Tom & Atticus Featured in Mike Dickerman's Column "The Beaten Path" (March 25, 2007)

(The following Mike Dickerman piece ran as his weekly column in several newspapers, including Foster's Daily Democrat and the Littleton Currier.)

Michael Dickerman: Individual quests spice up 2007 winter peakbagging season

With the official start of spring earlier this week, another winter hiking season has come to an end in the White Mountains. Now I'd be kidding myself and all of you if I said winter had now completely given over to spring, because in the mountains winter-like conditions will certainly persist for another month and maybe even longer. When I say the winter hiking season has ended, I mean only that hiking during "calendar winter" is no longer possible.

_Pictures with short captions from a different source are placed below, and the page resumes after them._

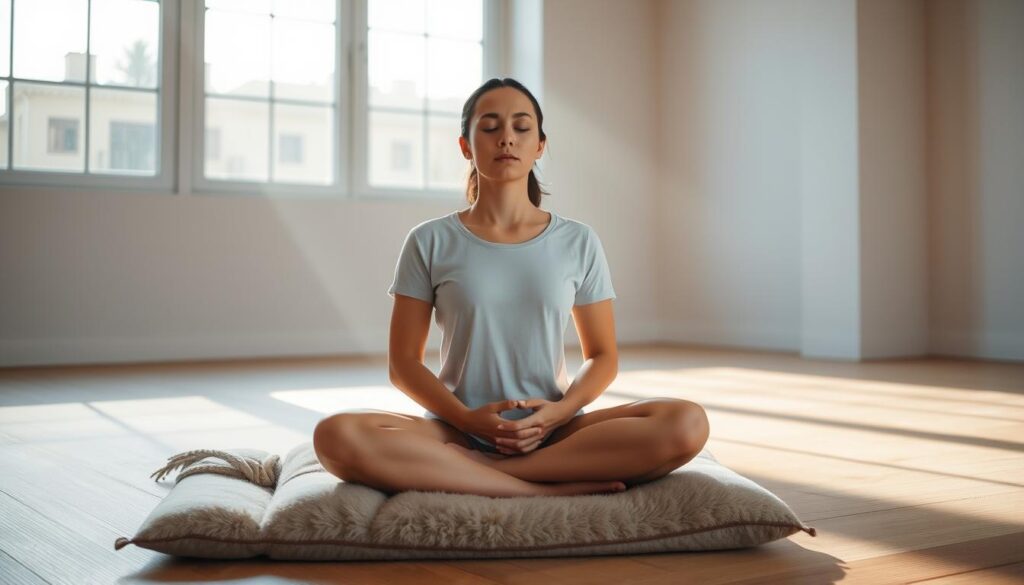 A serene individual sits cross-legged on a plush meditation cushion, eyes closed and hands resting gently in lap. Soft morning light filters through large windows, casting a warm glow on the peaceful scene. The background is a minimalist, Zen-inspired space with clean lines and neutral tones, creating a calming atmosphere. The meditator's posture is upright yet relaxed, embodying the essence of mindful presence. Camera angle is slightly elevated, capturing the tranquil moment in a natural, unobtrusive manner.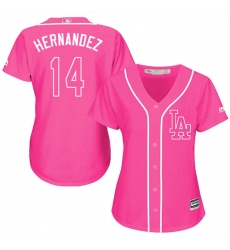 Women's Majestic Los Angeles Dodgers #14 Enrique Hernandez Replica Pink Fashion Cool Base MLB Jersey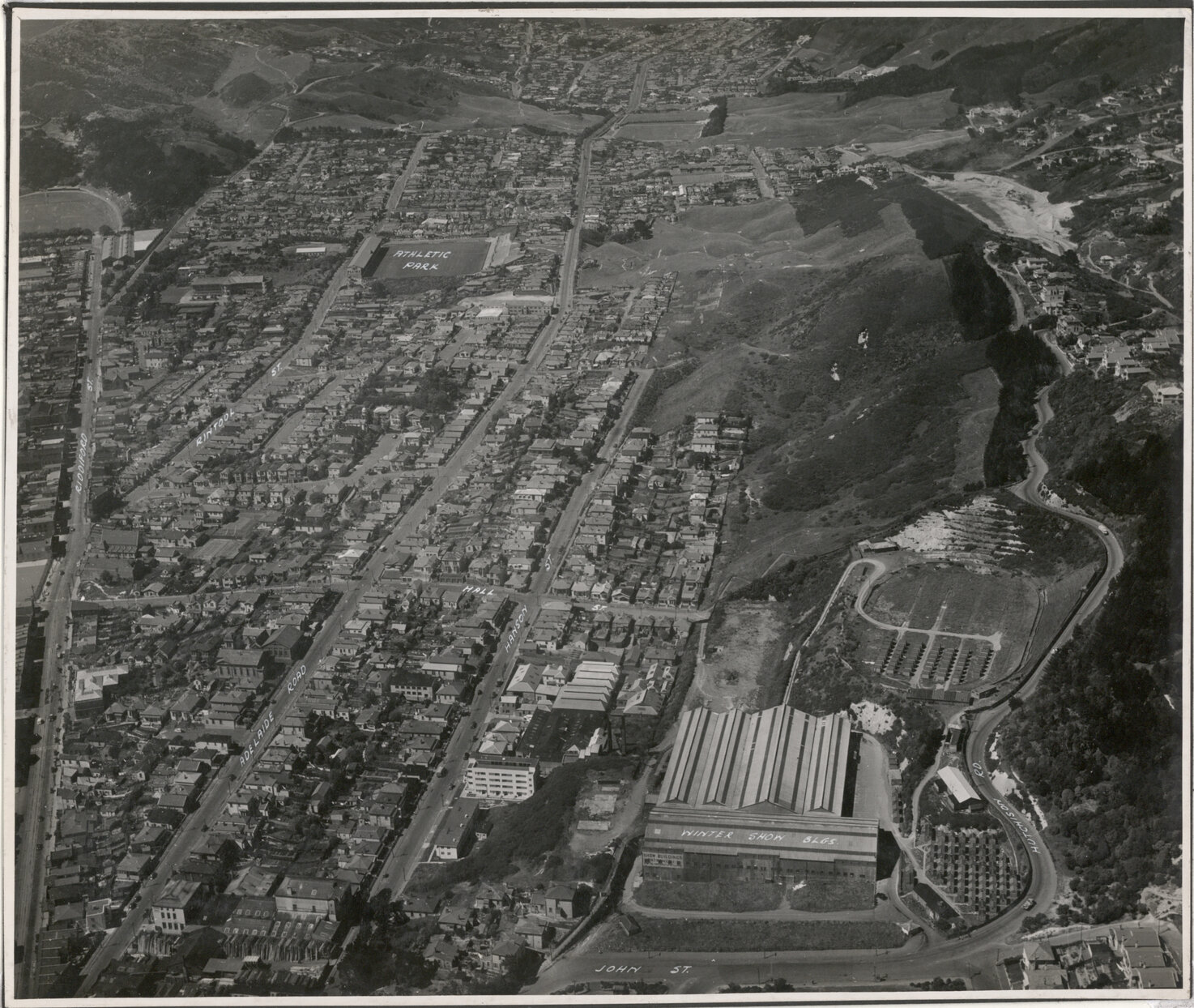 Aerial View of Wellington 1947, Newtown, Winter Show to Wakefield Park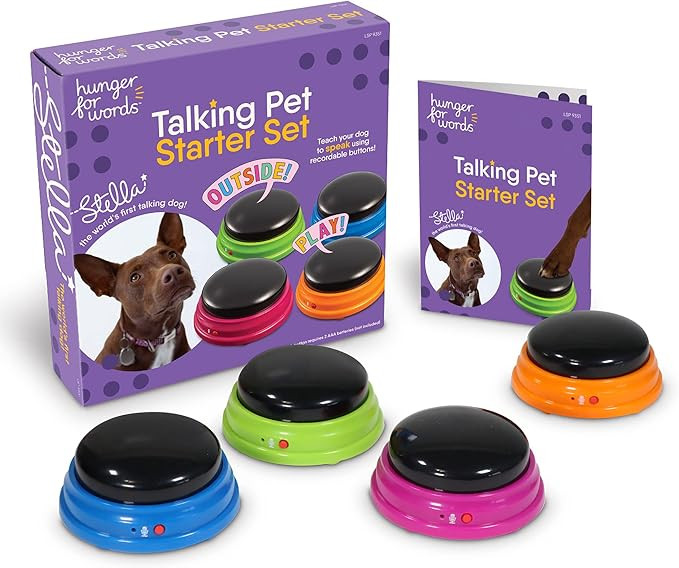 Hunger for Words Talking Pet Starter Set - 4 Piece Set Recordable Buttons for Dogs, Talking Dog B... | Amazon (US)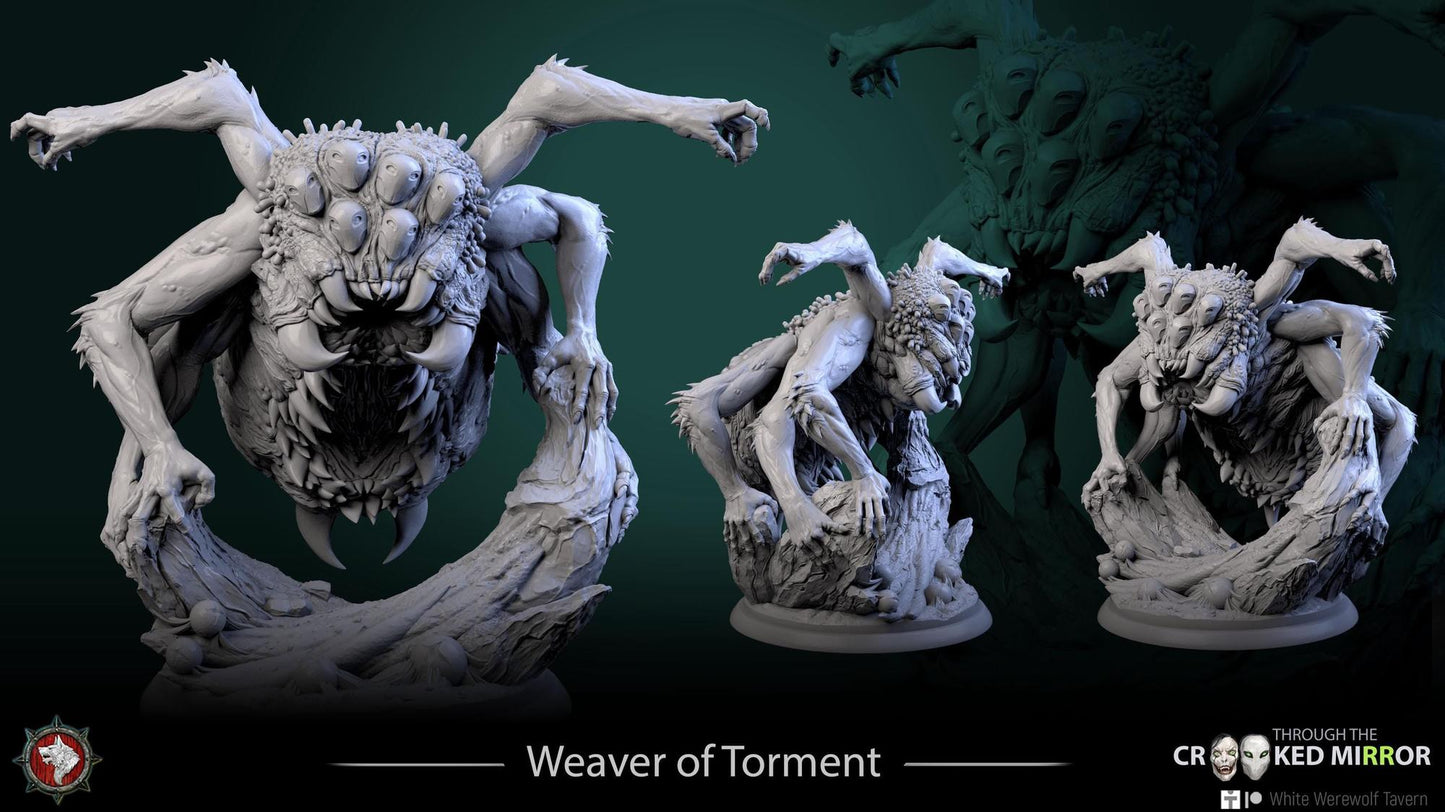 Weaver of Torment Monster| TABLETOP SCALE | TTRPG Miniature | White Werewolf Tavern | Unpainted, Unplated Resin 8k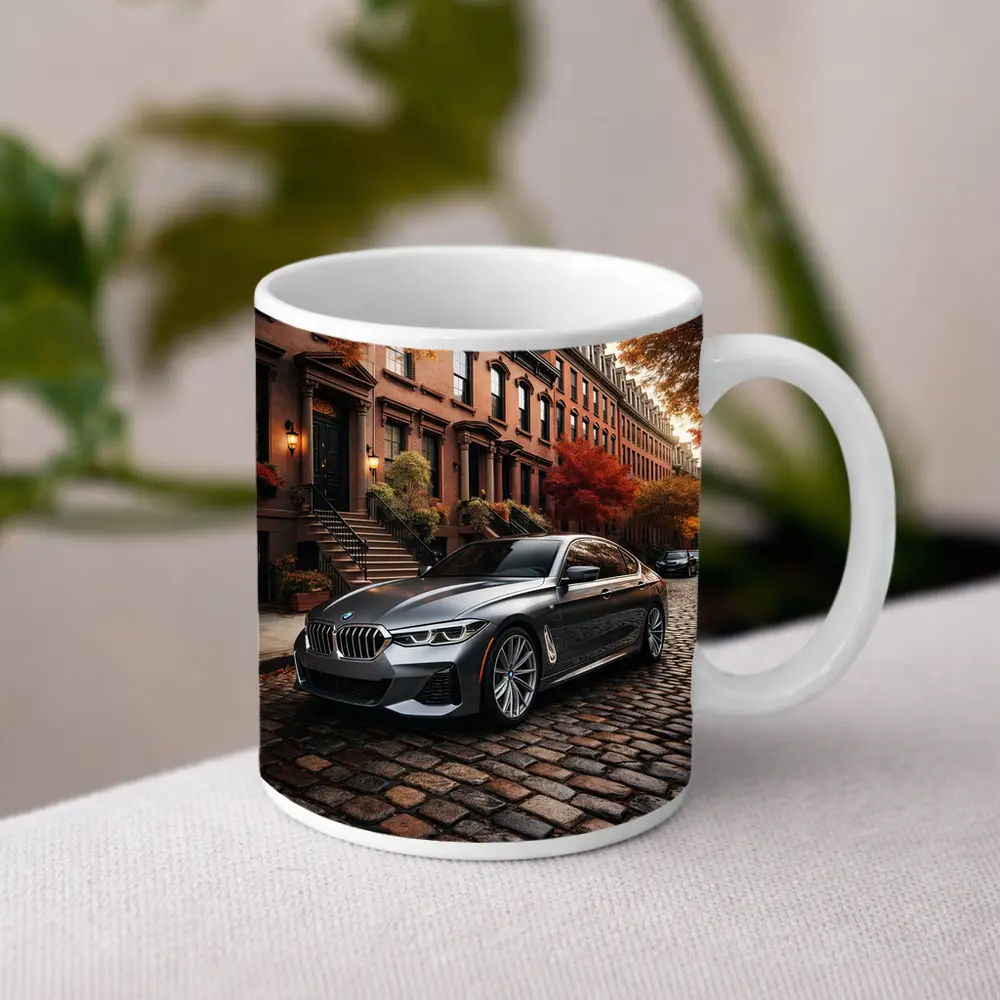 BMW Seven Series Gray Cobblestone Street Scene – Mugs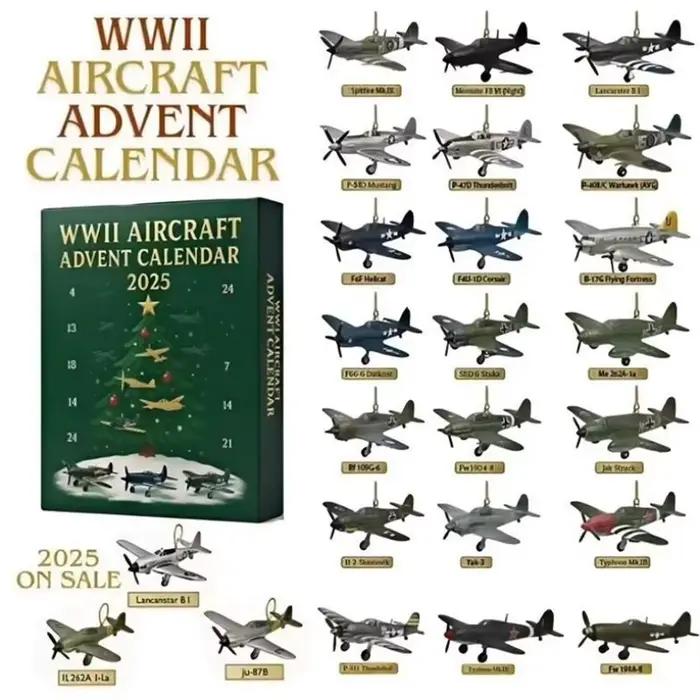 Calendrier des avents des avions 2025 Ornements d'avion 2D à collectionner uniques. Cadeau pour les passionnés d'aviation et les collectionneurs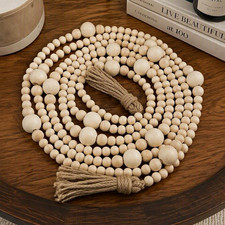 11ft Wood Bead Garland with Jute Tassels, Beige Rustic Home Decor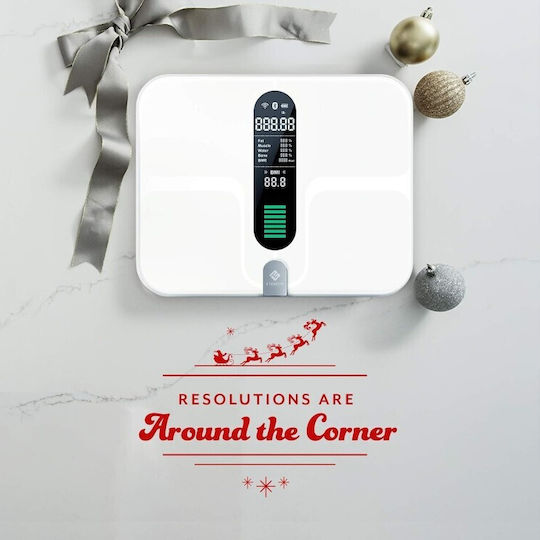 Etekcity ESF00+ Smart Fitness Smart Bathroom Scale with Body Fat Counter White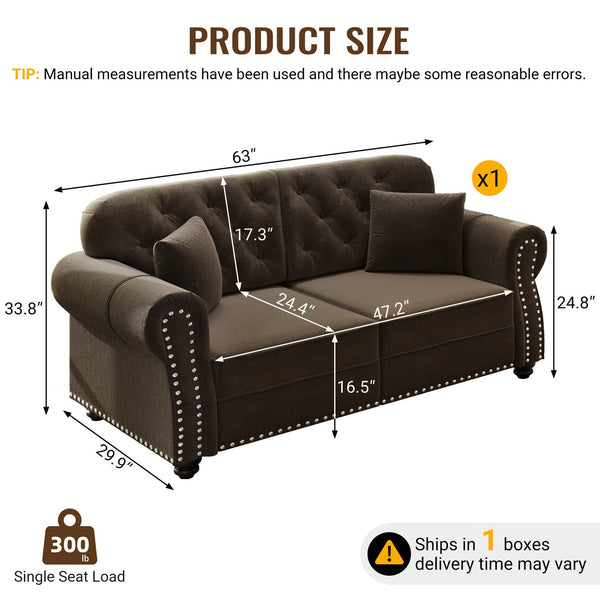 English Elm 63"upholstered Velvet Chesterfield Loveseat Mid Century Tufted Nailhead Compact Living Room Brown W1885P448724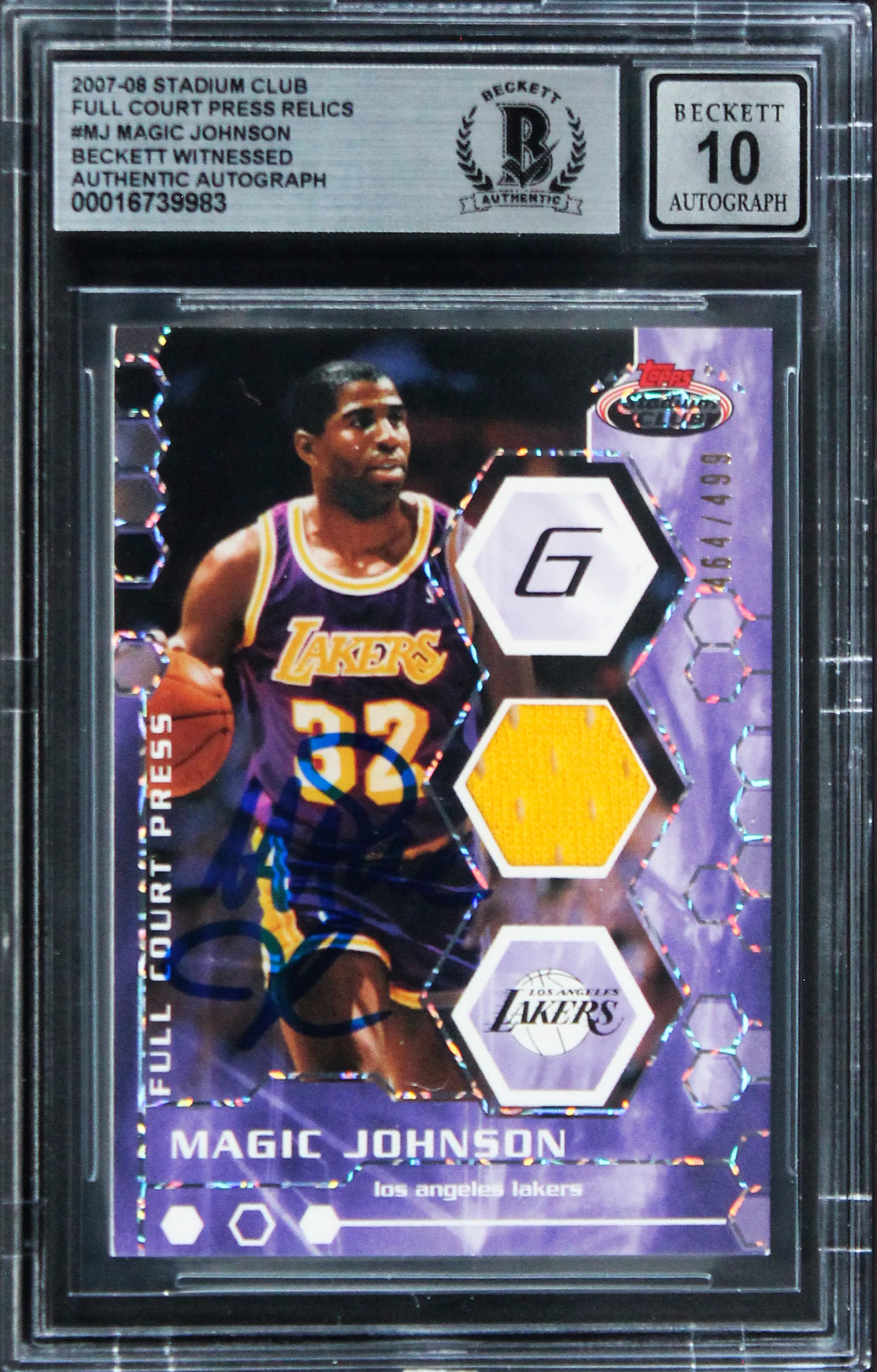 Lakers Magic Johnson Signed 2007 Stadium Club Auto 10 Card #MJ 464/499 BAS Slab - Image 2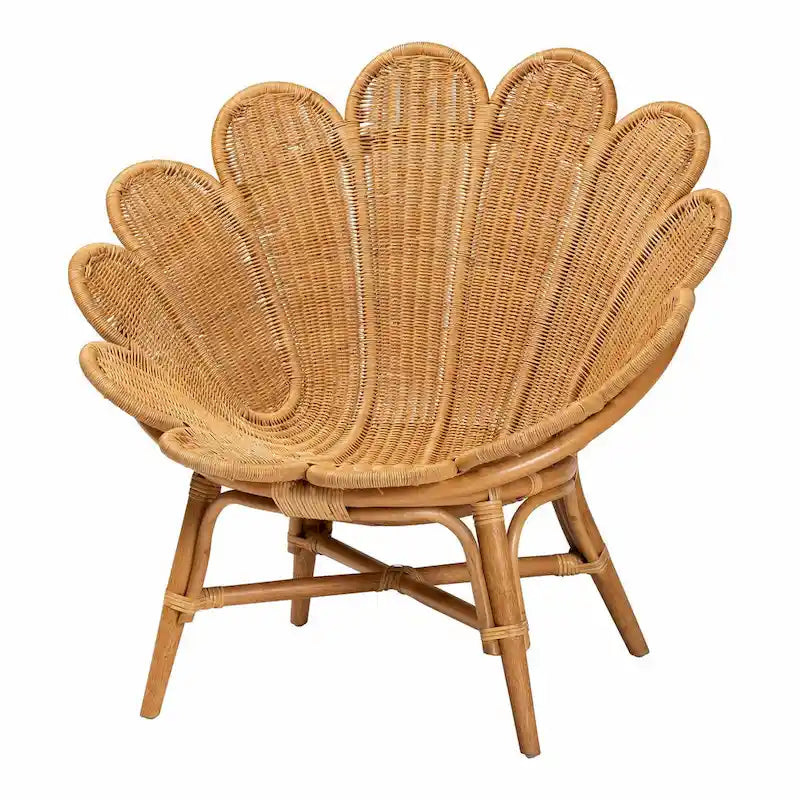 Fauteuil d'appoint fleur Blossom en rotin bohème miel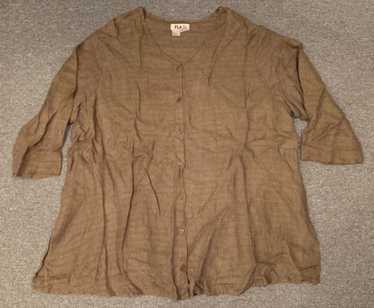 Flax 100% Linen Sz 3G Long Shirt Button-Up Long Sl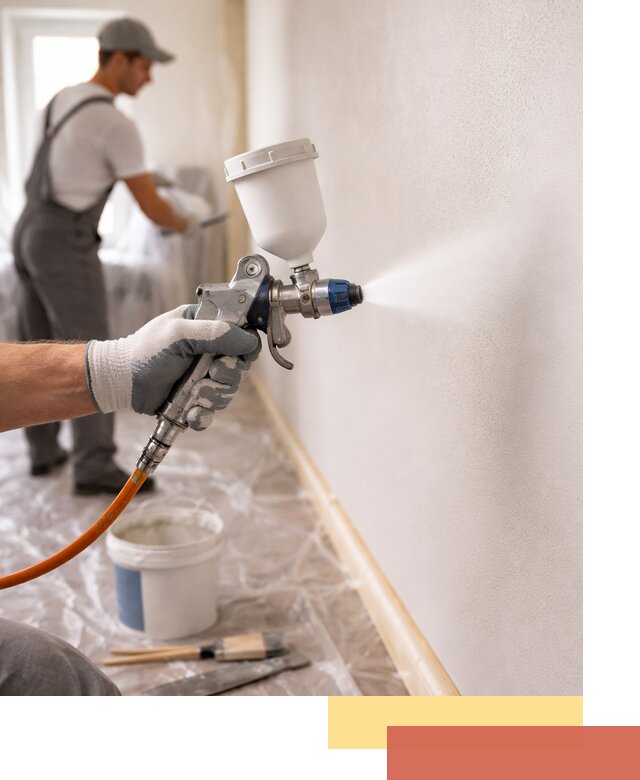 Покраска стен краскопультом в Кингисеппе быстро и качественно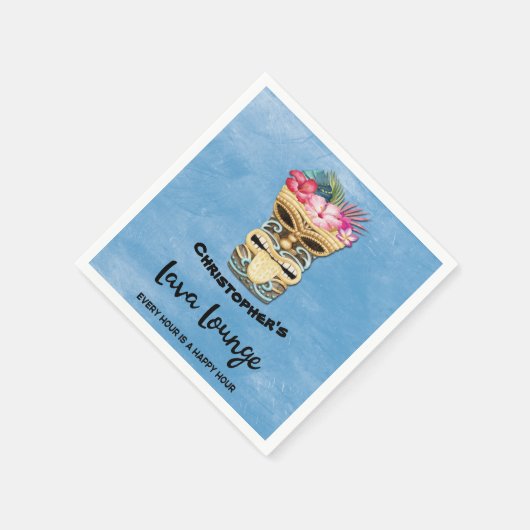 Mit Monogramm Tiki Bar Lava Lounge Party Serviette (Ecke)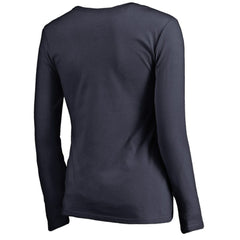 Nashville Predators - Women's Splatter Logo V-Neck Long Sleeve T-Shirt Navy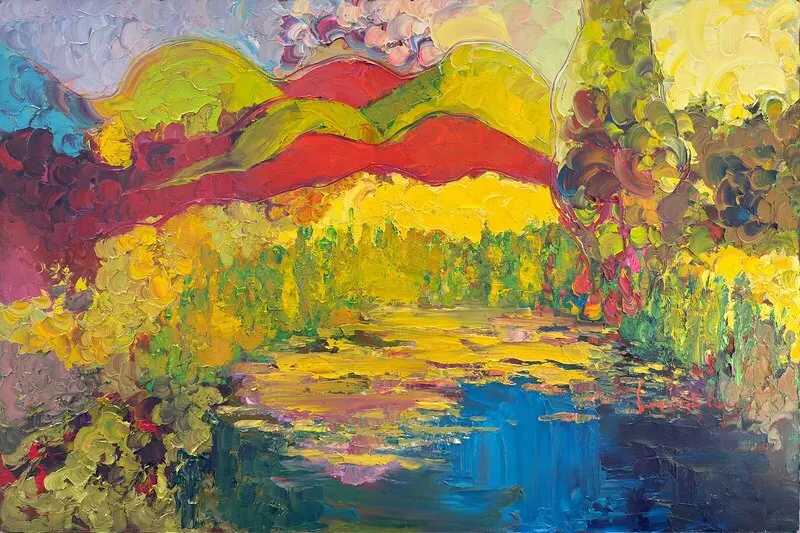 Oljemålning Green EYE av Ivan Tverdun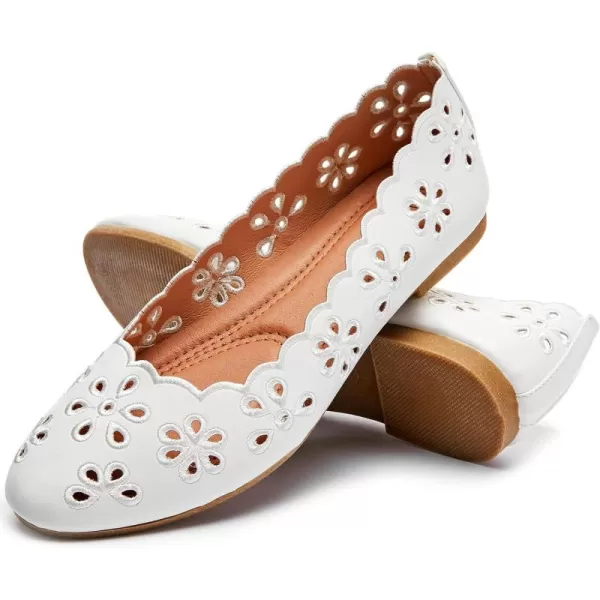 FRACORA Women's Ballet Flats Black PU Leather Dress Shoes Comfortable Round Toe Slip on Flats with Breathable Eyelets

To the average hiker, the distinction between hiking in winter and hiking under winter-like conditions doesn't mean a whole lot. It does matter, however, if you are among the legion of trampers who are working on the White Mountain 4,000-footer winter peakbagging list, for only summits reached during the calendar winter count on one's tally sheet. The growing popularity of winter hiking, and peakbagging in particular, has led to some interesting individual quests in recent years.

The winter of 2006-2007 proved no different, as the following two stories will attest. First there's the tale of Tom Ryan, 45, of Newburyport, Mass., and his faithful companion, Atticus M. Finch. By trade, Ryan is a journalist, but over the last two years he has frequently traded in his laptop computer and reporter's notepad for a backpack and a pair of hiking boots or snowshoes.

Ryan began exploring the Whites in 2005 and an instant love affair began. In less than two full calendar years he's been to the top of a 4,000-foot summit more than 235 times. And in most instances he's been joined by his faithful four-legged companion, Atticus, a miniature schnauzer with an apparently equal love of hiking and the mountains.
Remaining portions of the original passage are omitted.